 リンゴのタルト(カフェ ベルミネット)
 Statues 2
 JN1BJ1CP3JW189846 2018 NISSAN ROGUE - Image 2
================
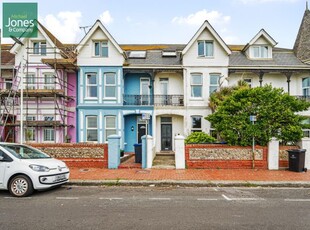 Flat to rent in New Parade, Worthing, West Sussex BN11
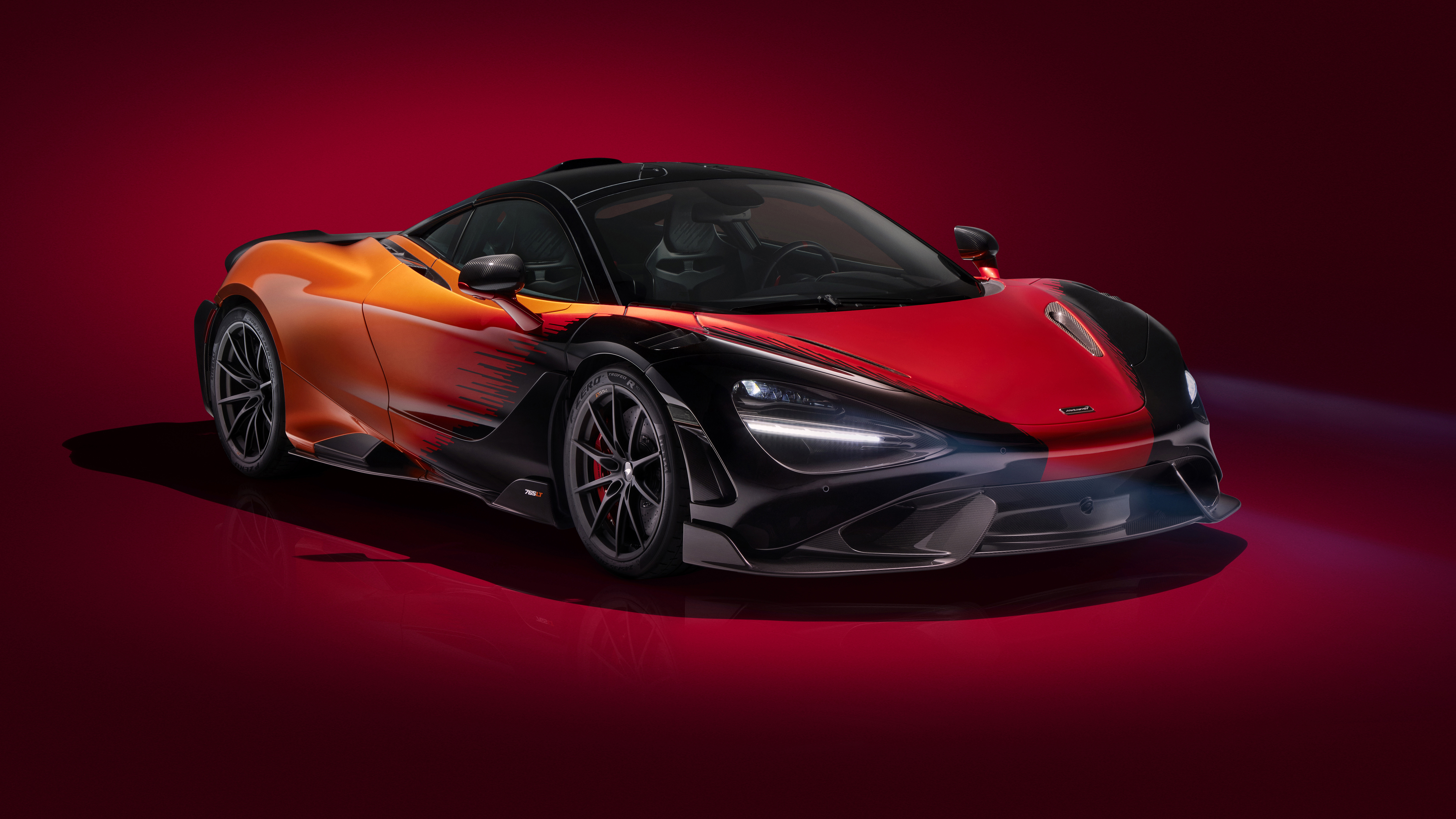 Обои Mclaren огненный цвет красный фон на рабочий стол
================
● What to work on
Quote word for word only the lines above from the one containing "Flat to rent" through the one containing "Обои Mclaren огненный". Pictures stay out of your copy.

● Result for this exercise
 Flat to rent in New Parade, Worthing, West Sussex BN11
 Обои Mclaren огненный цвет красный фон на рабочий стол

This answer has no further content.